The Health Insurance Act5 requires that physicians record the start and stop time for certain types of patient encounters, such as psychotherapy and counselling.6 In addition to these, physicians should ensure that the start and stop times are recorded for some other types of clinical encounters, such as resuscitation, administration of medications, and telephone conversations.
The College recommends that entries be recorded as soon as possible after the encounter. This is important to ensure safe delivery of care, especially in coordinated care environments.
Chronological and Systematic
In office based practices where there is a single patient chart, it is expected that all materials in each patient chart be ordered in a chronological and systematic manner. In settings such as walk-in clinics, single patient files must be created and all documentation for a single patient must be kept in that patient’s file. It is not appropriate to file by date.
Collection, Use, and Disclosure of Information
Physicians must always obtain the patient’s consent when collecting, using or disclosing personal health information (PHI), unless provided otherwise by law.7
Mandatory reporting requirements are an example of situations in which the disclosure of PHI is required by law.8 Circumstances in which physicians are permitted to collect, use, and/or disclose PHI are set out in the Personal Health Information Protection Act, 2004 (PHIPA).9
If the collection, use, or disclosure is neither permitted nor required by law and therefore patient consent must be obtained, physicians should note that as members of what is commonly referred to as the “circle of care,” PHIPA allows them to assume a patient’s implied consent under particular circumstances. A physician may only assume the implied consent of the patient to collect, use, or disclose the patient’s PHI if:
- they have received the PHI from the patient, their substitute decision maker, or another health information custodian (HIC) for the purpose of providing or assisting in the provision of health care to the patient,
- the physician is using, collecting, or disclosing10 the PHI for the purpose of providing or assisting in the provision of health care to the patient, and
- the patient has not expressly withheld or withdrawn consent to the PHI being collected, used, or disclosed.
Physicians may wish to engage commercial providers for services such as storage, maintenance, scanning, destruction, and other issues related to medical records. Physicians should use due diligence when selecting and engaging service providers. It is strongly recommended that any agreements with such providers be made in writing.11 These agreements must reflect the same legal and regulatory requirements that apply to physicians as health information custodians. Physicians are encouraged to seek legal counsel or contact the CMPA for advice in these circumstances.
2. Security and Storage
Physicians are ultimately responsible for ensuring that medical records are stored and maintained according to legal requirements and the principles set out in this policy.

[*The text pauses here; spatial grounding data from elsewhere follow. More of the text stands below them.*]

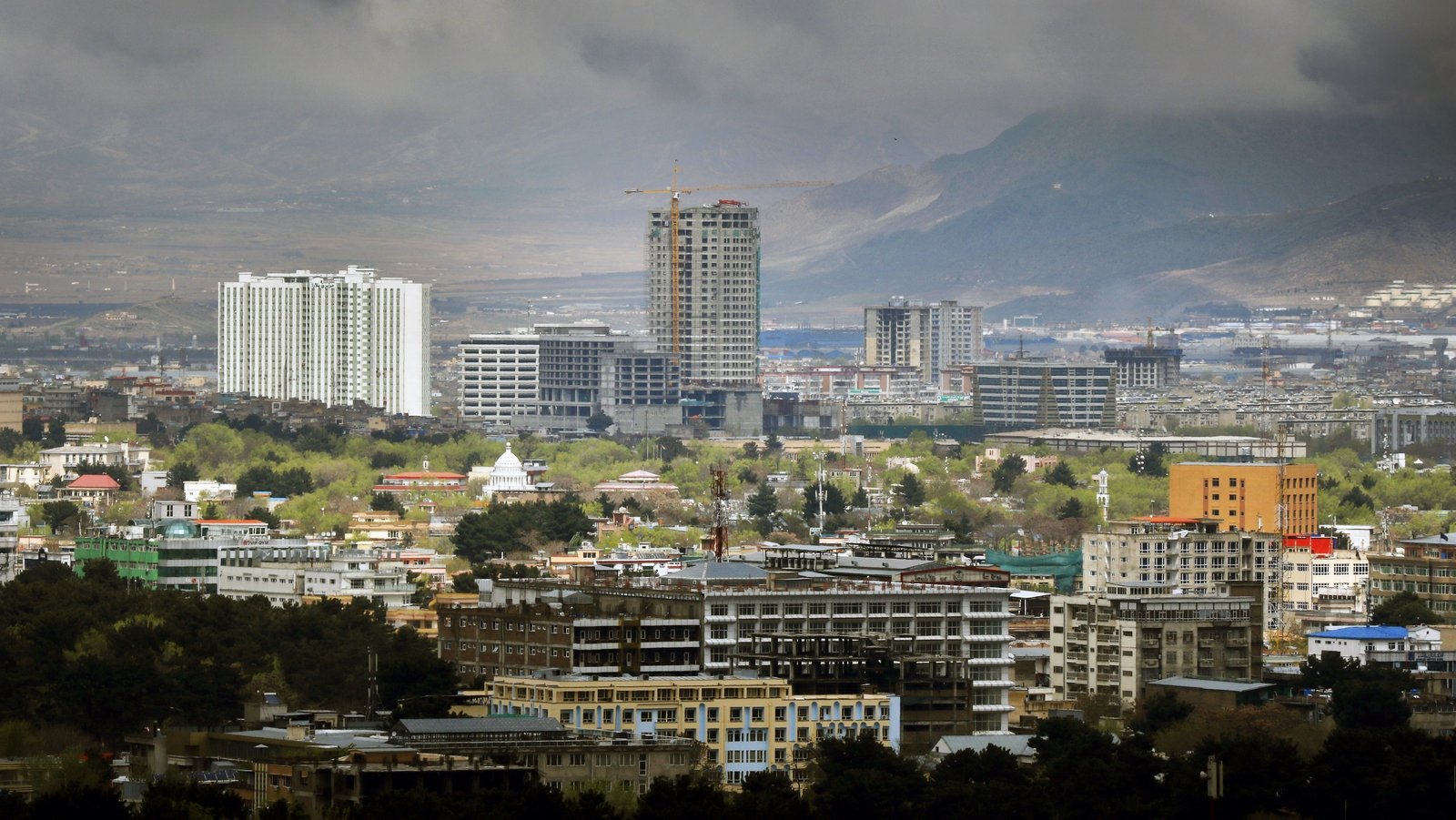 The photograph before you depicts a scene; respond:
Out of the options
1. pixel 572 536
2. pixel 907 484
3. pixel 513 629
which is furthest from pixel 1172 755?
pixel 907 484

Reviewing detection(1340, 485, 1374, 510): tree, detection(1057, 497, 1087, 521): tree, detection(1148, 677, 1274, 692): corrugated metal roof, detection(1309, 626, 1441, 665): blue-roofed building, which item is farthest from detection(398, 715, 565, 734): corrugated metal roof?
detection(1340, 485, 1374, 510): tree

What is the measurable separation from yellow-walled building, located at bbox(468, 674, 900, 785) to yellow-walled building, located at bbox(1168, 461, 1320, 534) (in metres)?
51.1

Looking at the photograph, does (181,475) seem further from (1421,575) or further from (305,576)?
(1421,575)

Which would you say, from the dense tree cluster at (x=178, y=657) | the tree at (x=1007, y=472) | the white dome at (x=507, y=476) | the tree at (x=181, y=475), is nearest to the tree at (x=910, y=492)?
the tree at (x=1007, y=472)

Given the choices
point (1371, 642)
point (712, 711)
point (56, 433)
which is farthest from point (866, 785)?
point (56, 433)

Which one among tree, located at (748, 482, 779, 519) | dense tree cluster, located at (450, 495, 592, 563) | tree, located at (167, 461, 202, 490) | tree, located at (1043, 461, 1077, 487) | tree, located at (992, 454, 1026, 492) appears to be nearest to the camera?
dense tree cluster, located at (450, 495, 592, 563)

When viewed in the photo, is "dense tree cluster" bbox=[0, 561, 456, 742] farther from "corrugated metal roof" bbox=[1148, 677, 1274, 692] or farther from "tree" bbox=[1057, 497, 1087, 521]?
"tree" bbox=[1057, 497, 1087, 521]

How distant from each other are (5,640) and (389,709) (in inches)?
385

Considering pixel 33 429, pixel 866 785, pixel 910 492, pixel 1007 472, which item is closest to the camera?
pixel 866 785

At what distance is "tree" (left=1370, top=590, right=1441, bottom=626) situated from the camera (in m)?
77.3

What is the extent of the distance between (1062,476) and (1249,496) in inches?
1213

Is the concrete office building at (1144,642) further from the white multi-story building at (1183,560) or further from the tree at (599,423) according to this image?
the tree at (599,423)

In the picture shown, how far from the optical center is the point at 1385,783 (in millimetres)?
49656

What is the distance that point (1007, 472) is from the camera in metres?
144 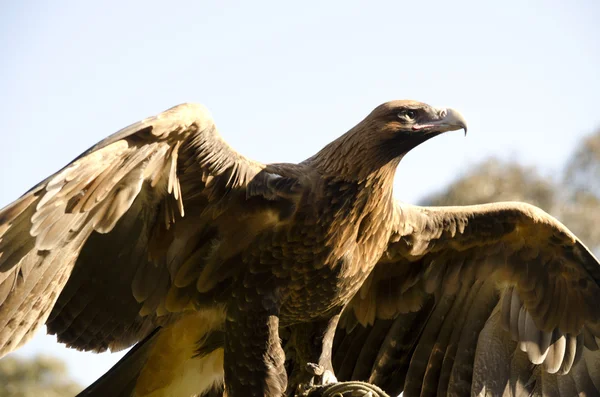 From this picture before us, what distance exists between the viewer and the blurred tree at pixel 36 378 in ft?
40.2

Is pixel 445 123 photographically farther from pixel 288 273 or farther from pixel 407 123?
pixel 288 273

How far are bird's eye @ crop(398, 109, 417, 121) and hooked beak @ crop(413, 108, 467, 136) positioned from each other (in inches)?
2.4

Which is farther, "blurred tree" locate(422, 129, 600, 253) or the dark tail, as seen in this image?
"blurred tree" locate(422, 129, 600, 253)

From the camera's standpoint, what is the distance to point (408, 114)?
5.71 metres

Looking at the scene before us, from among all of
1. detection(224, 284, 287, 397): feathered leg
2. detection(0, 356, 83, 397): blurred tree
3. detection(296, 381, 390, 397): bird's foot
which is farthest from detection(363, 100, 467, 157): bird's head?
detection(0, 356, 83, 397): blurred tree

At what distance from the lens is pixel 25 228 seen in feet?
15.0

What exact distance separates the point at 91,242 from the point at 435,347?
2.63 metres

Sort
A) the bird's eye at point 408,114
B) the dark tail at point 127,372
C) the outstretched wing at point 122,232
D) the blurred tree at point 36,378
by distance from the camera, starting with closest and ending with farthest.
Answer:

Medical records must be stored in a safe and secure environment to ensure physical and logical integrity and confidentiality. Physicians must develop records management protocols to regulate who may gain access to records and what they may do according to their role, responsibilities, and the authority they have.12 At minimum, protocols must ensure that patient records, in electronic or paper form, are readily available and producible when legitimate use is required, and that reasonable steps have been taken to ensure they are protected from theft, loss and unauthorized use or disclosure, including copying, modification or disposal.13 This requirement applies regardless of whether the information is stored on premises within the physician’s control or otherwise. What is reasonable in terms of records management protocols will depend on the threats and risks to which the information is exposed, the sensitivity of the information, and the extent to which it can be linked to an identifiable individual. Physicians are encouraged to remain up-to-date about evolving industry standards and should remain aware of orders of the Information and Privacy Commissioner of Ontario.14
Data sharing agreements incorporating the requirements in this policy must be established among physicians and organizations who will be sharing patient health information with each other.15 This is especially important for physicians who share records (electronic or paper) with hospitals and other care facilities or that allow entries into the record by multiple health-care providers. Physicians must be aware of all others (including non-medical staff, such as administrative, maintenance, or technical staff) who can access their records or their EMR system and what functions they are able to perform. In such situations, the EMR system should be equipped with user identification and passwords for logging on, and where possible, controls that restrict access based on the user’s role and responsibilities. All those who have access to the records must be bound by appropriate confidentiality agreements. For electronic systems, there must be a functioning audit trail or record of who has accessed an EMR and what additions or edits they have made to the record over time.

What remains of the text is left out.